By Jason Mathers l Bio l Published: June 26, 2013
President Barack Obama addressed the nation today on his environmental priorities, and I have to say, hearing the President of the United States speak so passionately about the issues that I spend my days trying to solve makes me want to wake up and come to work all over again.
In “The President’s Climate Action Plan,” Mr. Obama promises standards that not only will improve our existing transportation sector, but will also help build a better solution for tomorrow. His plan for “Building a 21st Century Transportation Sector” includes a commitment to partnering with industry and stakeholders to develop fuel economy standards for heavy-duty vehicles.
As the President noted, heavy-duty vehicles are currently the second largest source of greenhouse gas emissions within the transportation sector. More concerning still, emissions from these trucks are projected to grow faster than any other end-use source of greenhouse pollution.
So, how do we change this? We need radically more efficient trucks, and we need companies to step up and make commitments to reduce emissions.
Trucks are expected to account for over 80 percent of the projected increase in freight greenhouse gas emissions. Successful efforts to not only slow the growth in freight emissions – but actually reduce emissions from today’s levels, must start with improved trucks first and foremost.
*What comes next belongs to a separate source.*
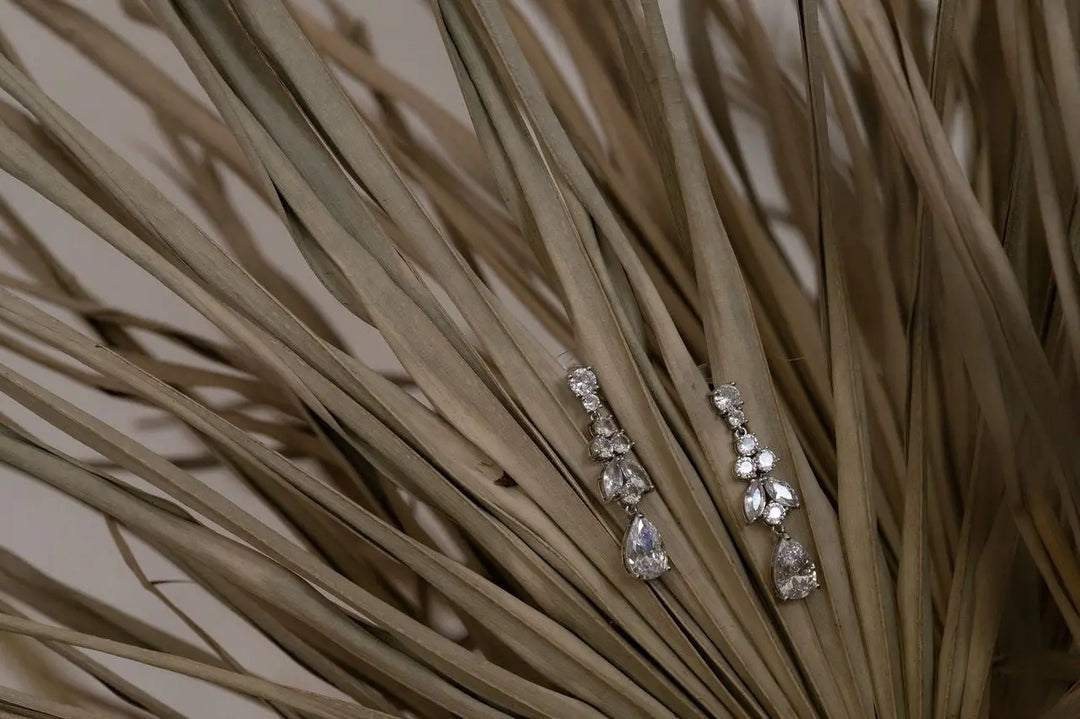 BOUCLES D’OREILLES LONGUES MARIÉE CRISTAUX ZIRCONIUM – ER4145 G.Westerleigh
There is a lot than can be done to today’s trucks too to make them more efficient. The U.S. Department of Energy’s Super Truck program challenged our nation’s truck makers to develop test trucks that achieve a 50% improvement in efficiency and we are starting to see the fruits of this labor. Cummins and Peterbilt, for example, recently revealed a truck for the DOE Supertruck program that “averaged 9.9 miles a gallon in road tests last fall,” impressive results seeing as the current average is only around 6 miles per gallon. These gains were made by improved engine technology as well as better trailer aerodynamics and lighter weight materials that reduce the energy needed to keep the truck in motion on the highway.
More efficient tractor trailer trucks are simply good business too. Consider that these trucks typically travel in excess of 120,000 miles a year and burn fuel at a rate of 6 miles-per-gallon. So, for each superefficient new truck, companies will save around $40,000 a year in fuel costs. When scaled over the entire economy, these types of efforts can result in tens-of-billions per year in fuel savings. Some of these savings, of course, will be passed along to us as consumers.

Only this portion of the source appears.